╭─ Recorded information

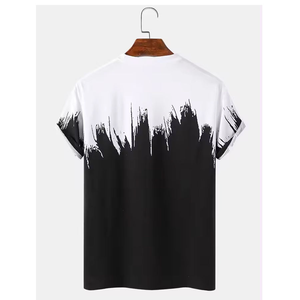2025 última camiseta de sublimación ropa de hombre nuevo estilo de verano moda OEM servicio transpirable hombres sublimación camisetas - Product Image 5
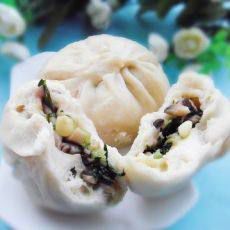 玉米香菇油菜包子 玉米香菇油菜包子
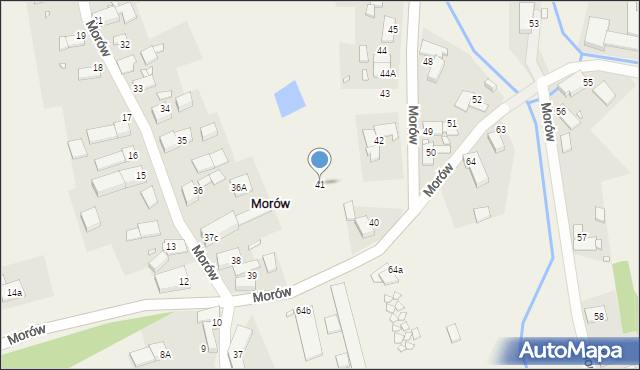 Morów, Morów, 41, mapa Morów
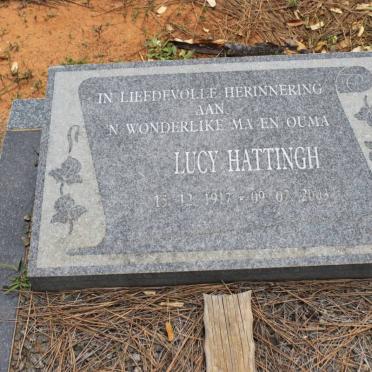 HATTINGH Lucy 1917-2003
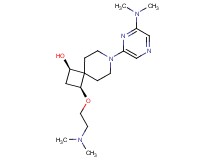 (1R*,3S*)-3-[2-(dimethylamino)ethoxy]-7-[6-(dimethylamino)pyrazin-2-yl]-7-azaspiro[3.5]nonan-1-ol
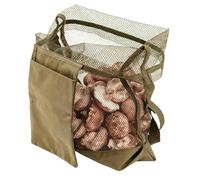 Yugugomo Borsa da collezione, ventilata con tracolla regolabile, per raccogliere colture da giardino e funghi, adatta per frutta, pietre, bacche, fiori di campo, giardino, parco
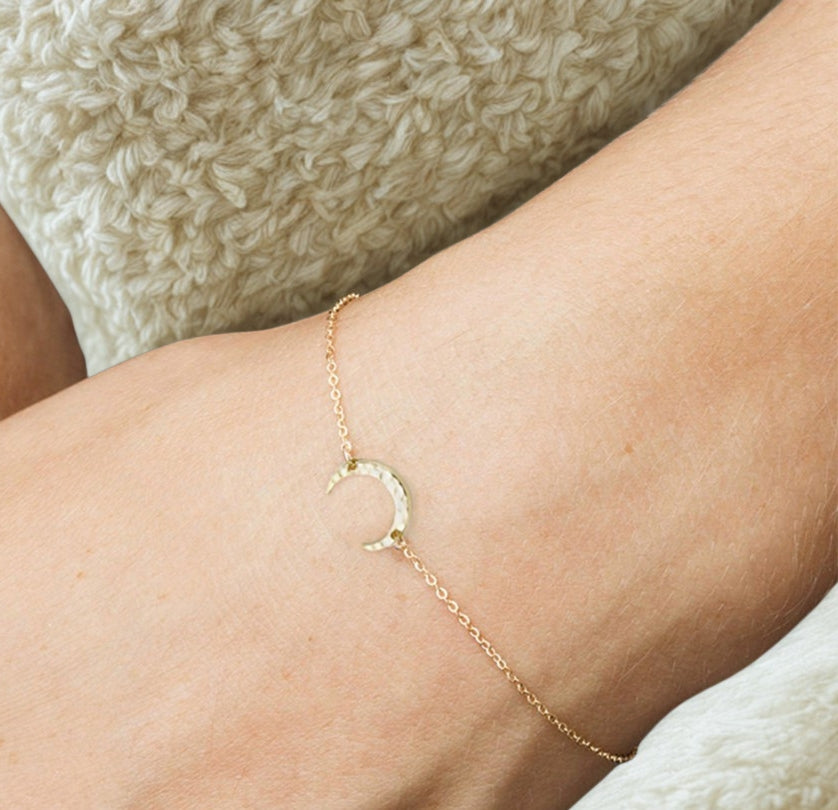 Slim Half Circle Bracelet - Silver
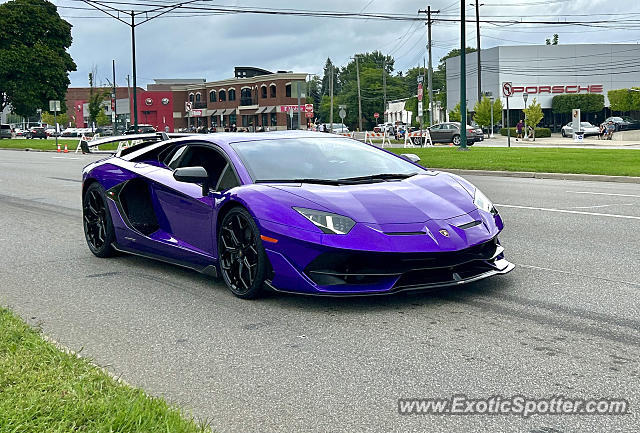 Lamborghini Aventador spotted in Birmingham, Michigan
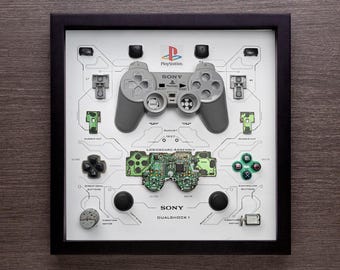 Sony PlayStation Dualshock 1 Teardown Digital Template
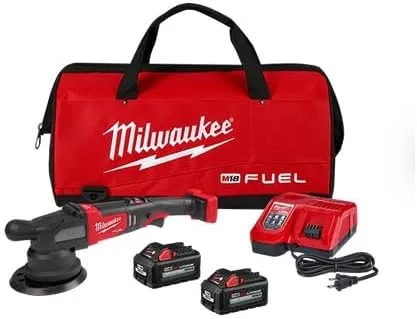 Milwaukee M18 FUEL - Kit de pulidora orbital aleatoria de 0.827 in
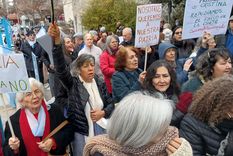 Los jubilados marchan todos los miércoles para reclamar por su situación.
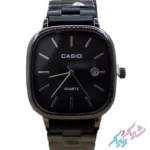 ساعت مچی مردانه طرح کاسیو مدل اولد مانی با صفحه مشکی و بند مشکی با تقویم فعال
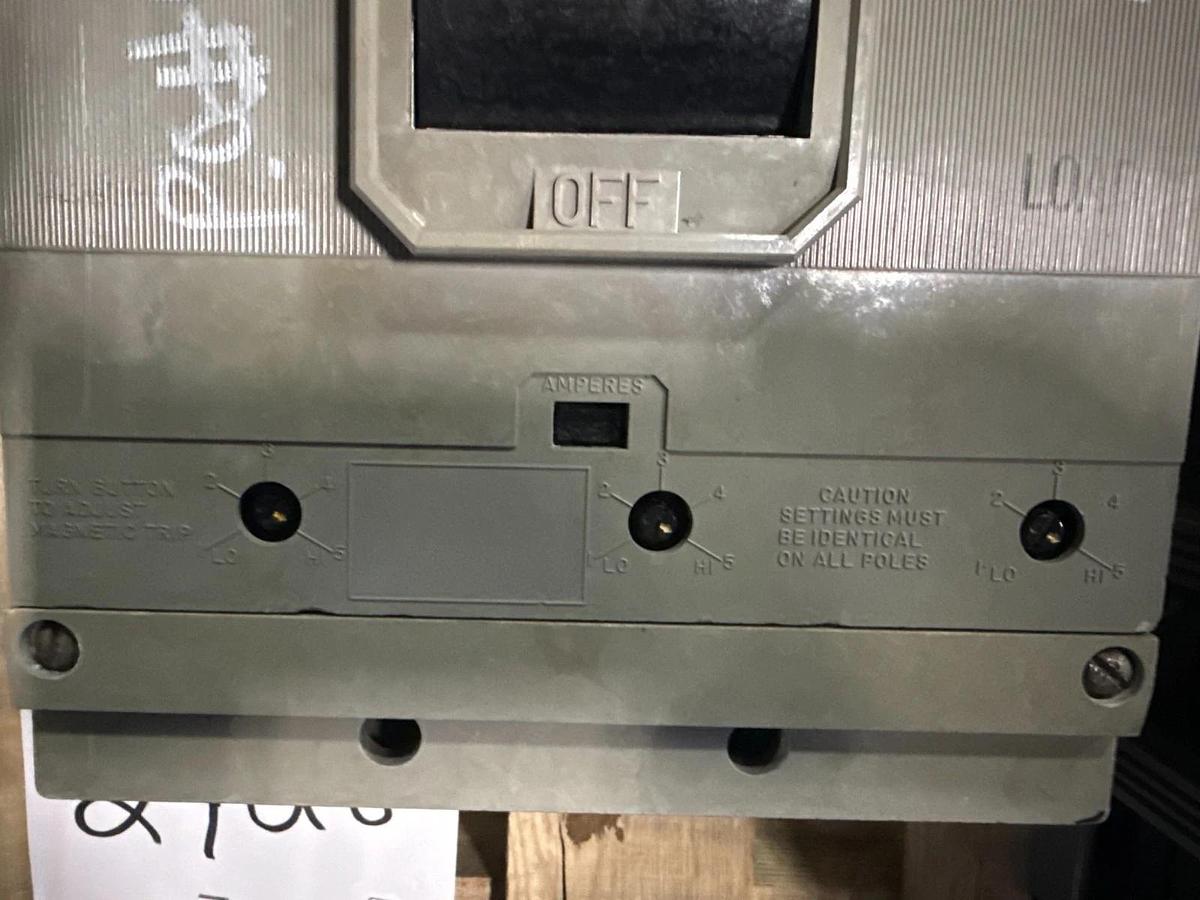 Refurbished ITE 1000 AMP BREAKER 2YU8 MODEL HPSM100CSN TYPE ETM 1KA MAGNETIC TRIP 2 SHUT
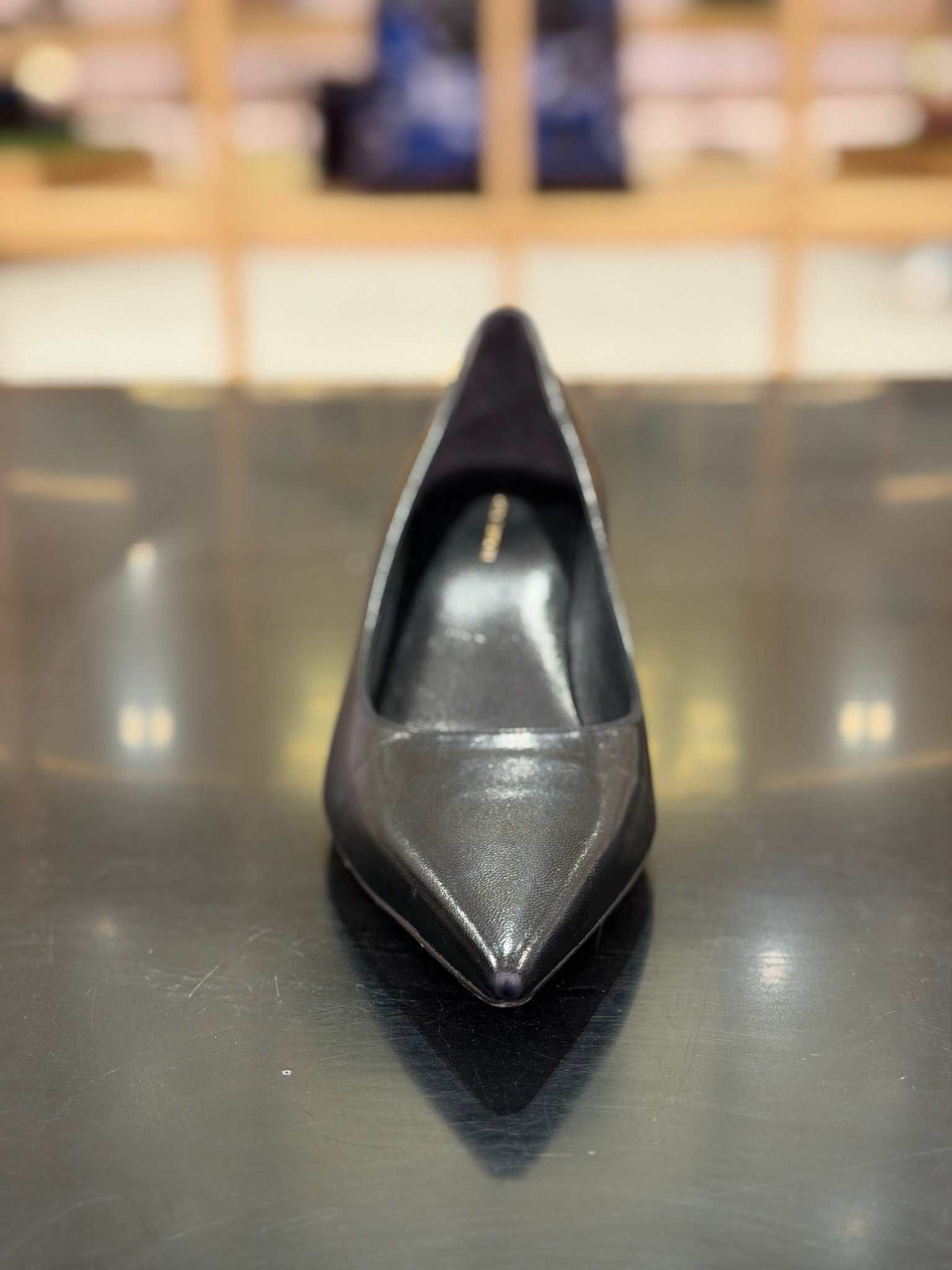 Pointed Toe Heel Leather Pump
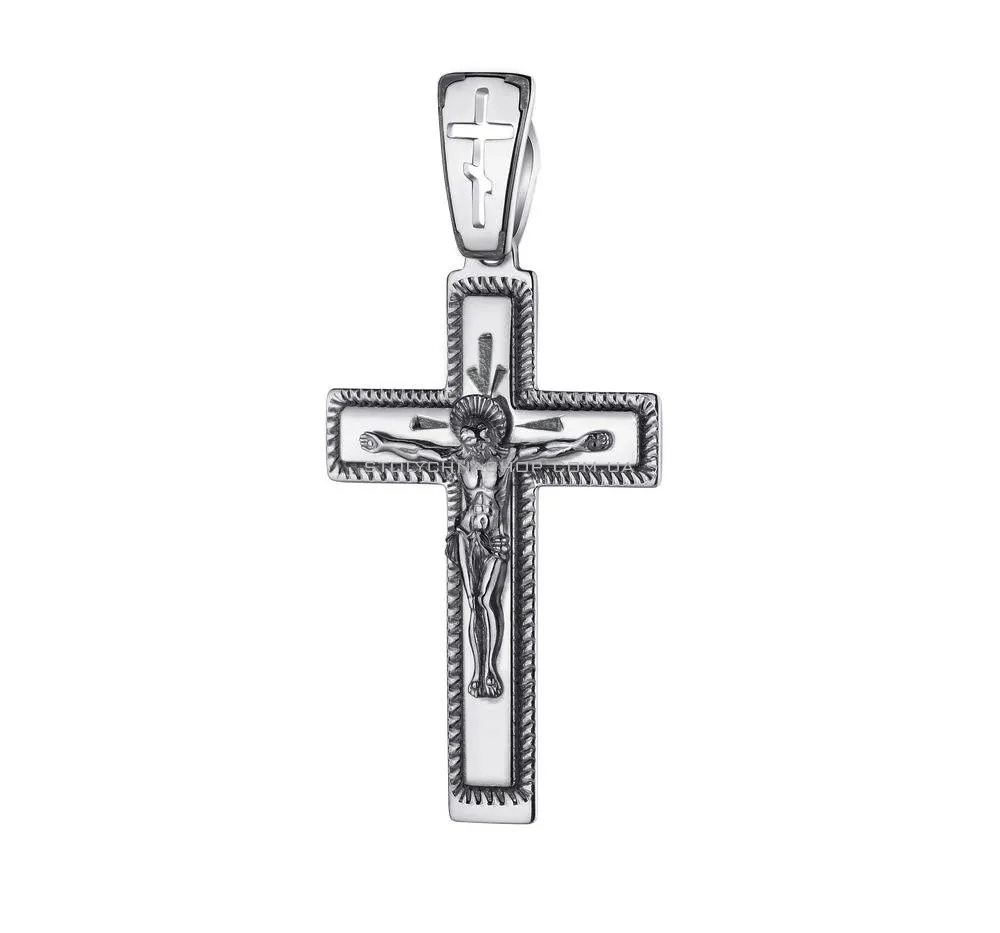 Серебряный крестик «Распятие Христа» (арт. 7904/311100-Ч)
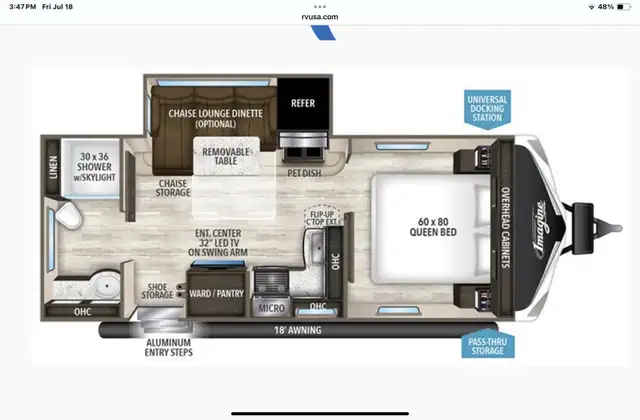 2018 Grand Design Imagine 2150RB in Travel Trailers & Campers in Regina - Image 2
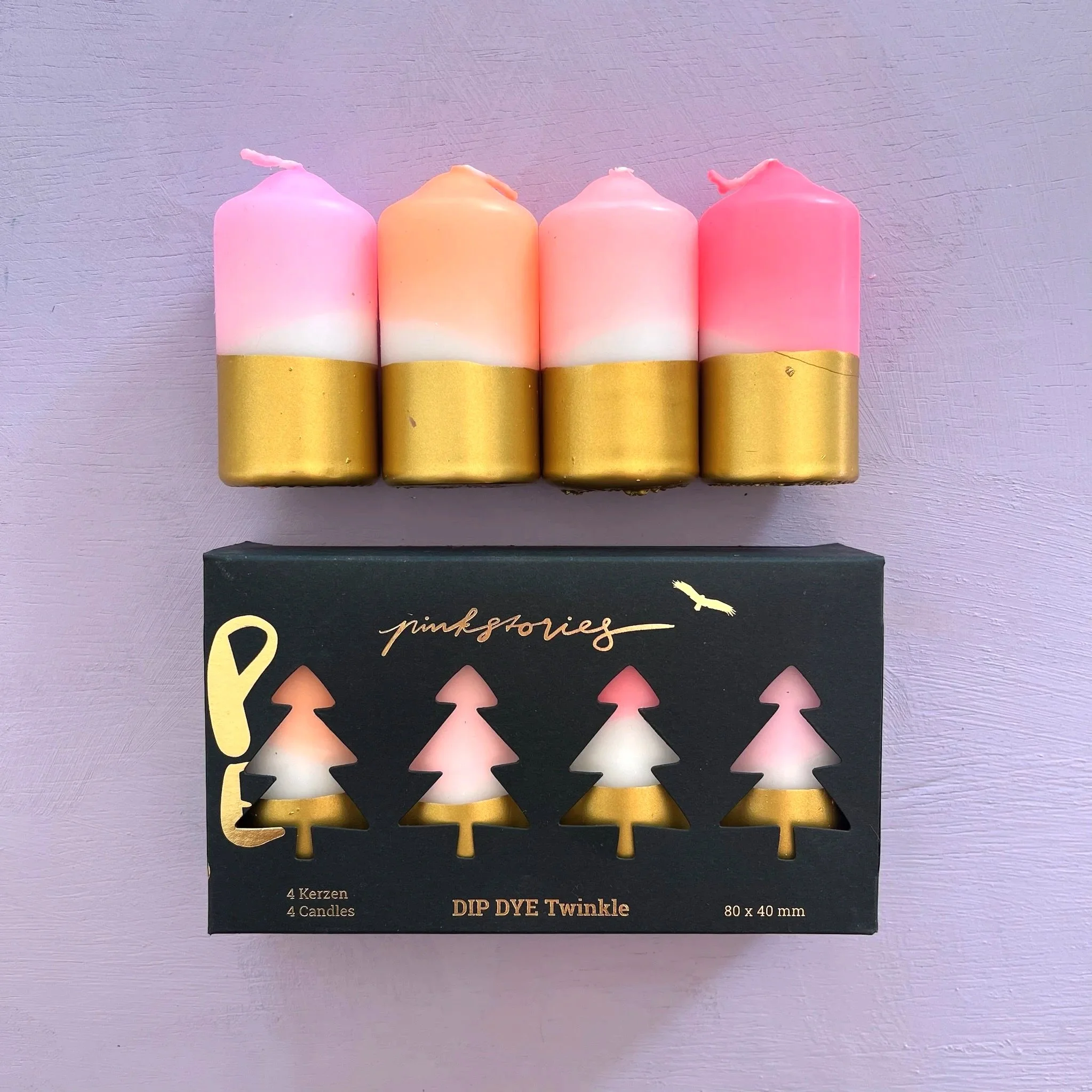 Dip Dye Twinkle Candles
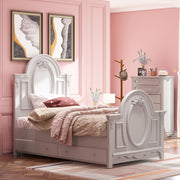 Cama adolescente de madera maciza Flora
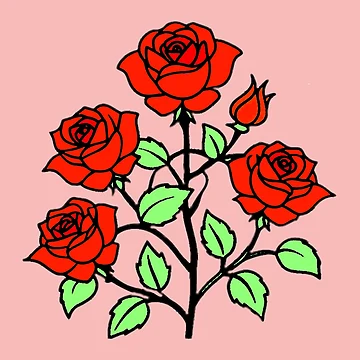 Artwork thumbnail, Red Roses by ViaARTfactory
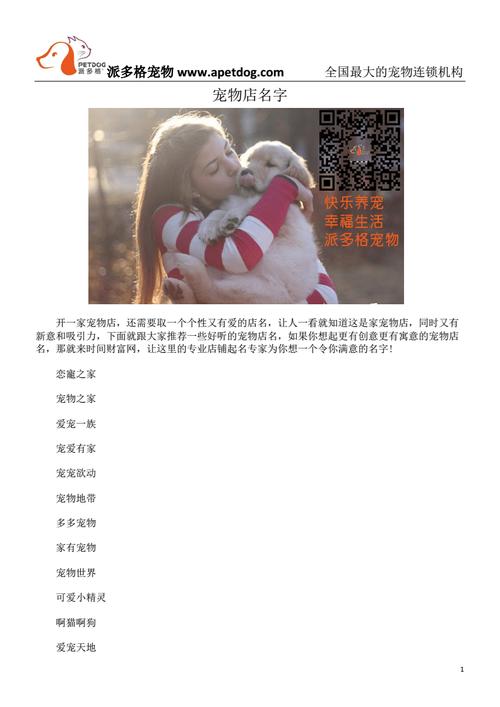 给宠物店铺起名大全男宝宝（宠物店取名字好听）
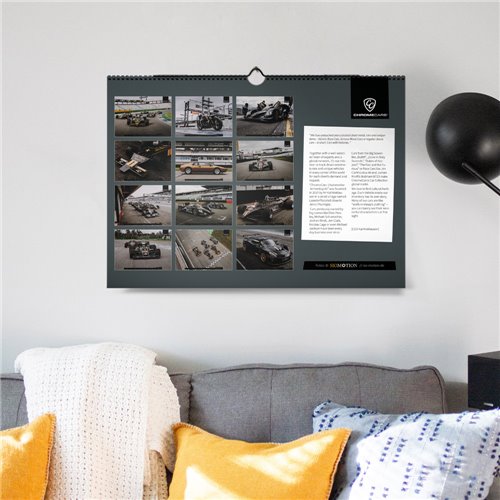 ChromeCars® Wandkalender "BLACK&GOLD - LOTUS Collection" 2025 (DIN A2)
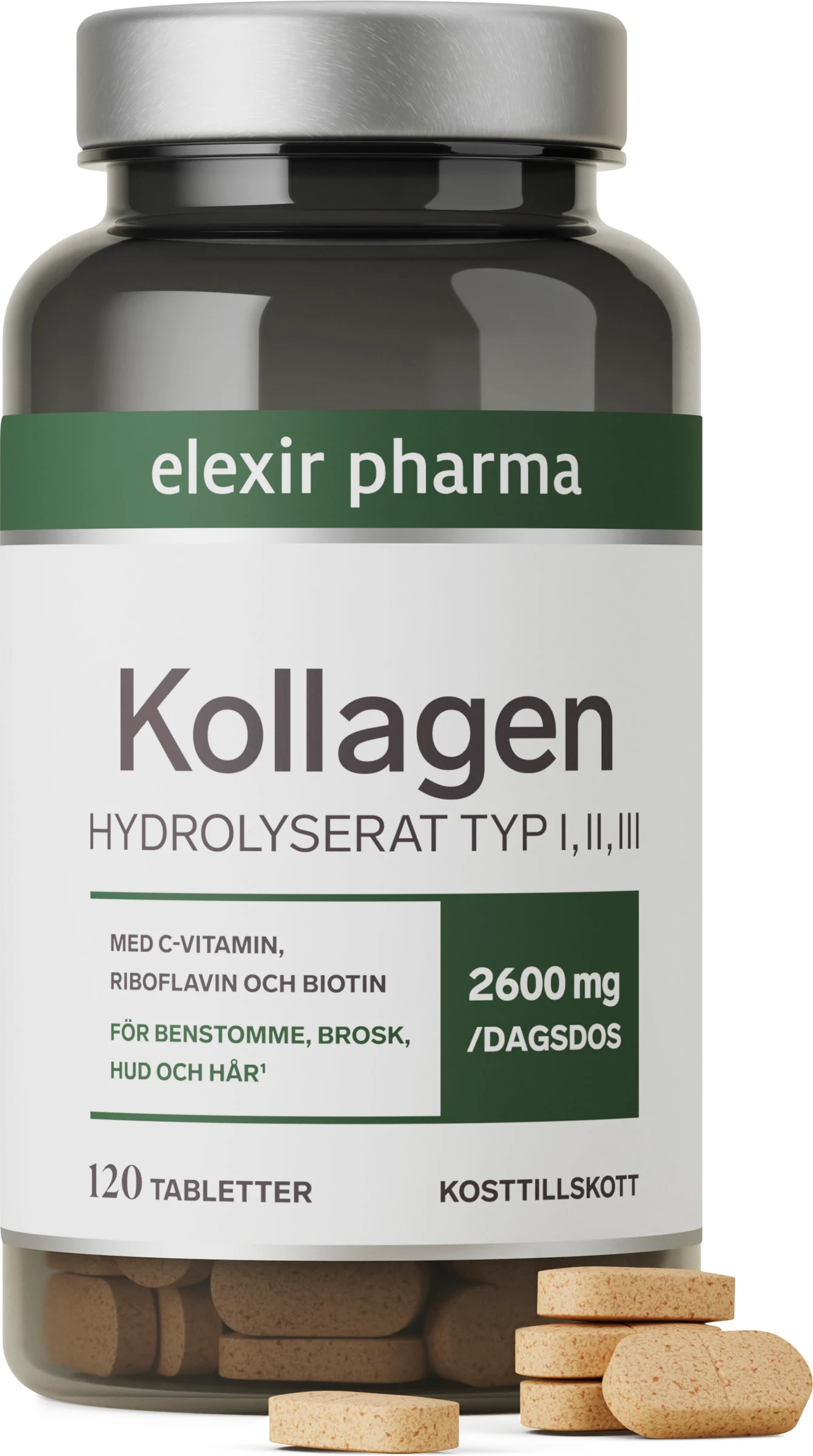 Elexir Kollagen hydrolyserat 120 tabletter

╰─

● Work to complete: The images are to be left out; every line above should be set down exactly.

● Result of the exercise:
2025 última camiseta de sublimación ropa de hombre nuevo estilo de verano moda OEM servicio transpirable hombres sublimación camisetas - Product Image 5
 玉米香菇油菜包子 玉米香菇油菜包子
 Morów, Morów, 41, mapa Morów
 HATTINGH Lucy 1917-2003
 (1R*,3S*)-3-[2-(dimethylamino)ethoxy]-7-[6-(dimethylamino)pyrazin-2-yl]-7-azaspiro[3.5]nonan-1-ol
 Yugugomo Borsa da collezione, ventilata con tracolla regolabile, per raccogliere colture da giardino e funghi, adatta per frutta, pietre, bacche, fiori di campo, giardino, parco
 Slim Half Circle Bracelet - Silver
 Lamborghini Aventador spotted in Birmingham, Michigan
 Sony PlayStation Dualshock 1 Teardown Digital Template
 Milwaukee M18 FUEL - Kit de pulidora orbital aleatoria de 0.827 in
 Los jubilados marchan todos los miércoles para reclamar por su situación.
 ساعت مچی مردانه طرح کاسیو مدل اولد مانی با صفحه مشکی و بند مشکی با تقویم فعال
 Refurbished ITE 1000 AMP BREAKER 2YU8 MODEL HPSM100CSN TYPE ETM 1KA MAGNETIC TRIP 2 SHUT
 Pointed Toe Heel Leather Pump
 Серебряный крестик «Распятие Христа» (арт. 7904/311100-Ч)
 2018 Grand Design Imagine 2150RB in Travel Trailers & Campers in Regina - Image 2
 Dip Dye Twinkle Candles
 Cama adolescente de madera maciza Flora
 Artwork thumbnail, Red Roses by ViaARTfactory
 给宠物店铺起名大全男宝宝（宠物店取名字好听）
 ChromeCars® Wandkalender "BLACK&GOLD - LOTUS Collection" 2025 (DIN A2)
 Elexir Kollagen hydrolyserat 120 tabletter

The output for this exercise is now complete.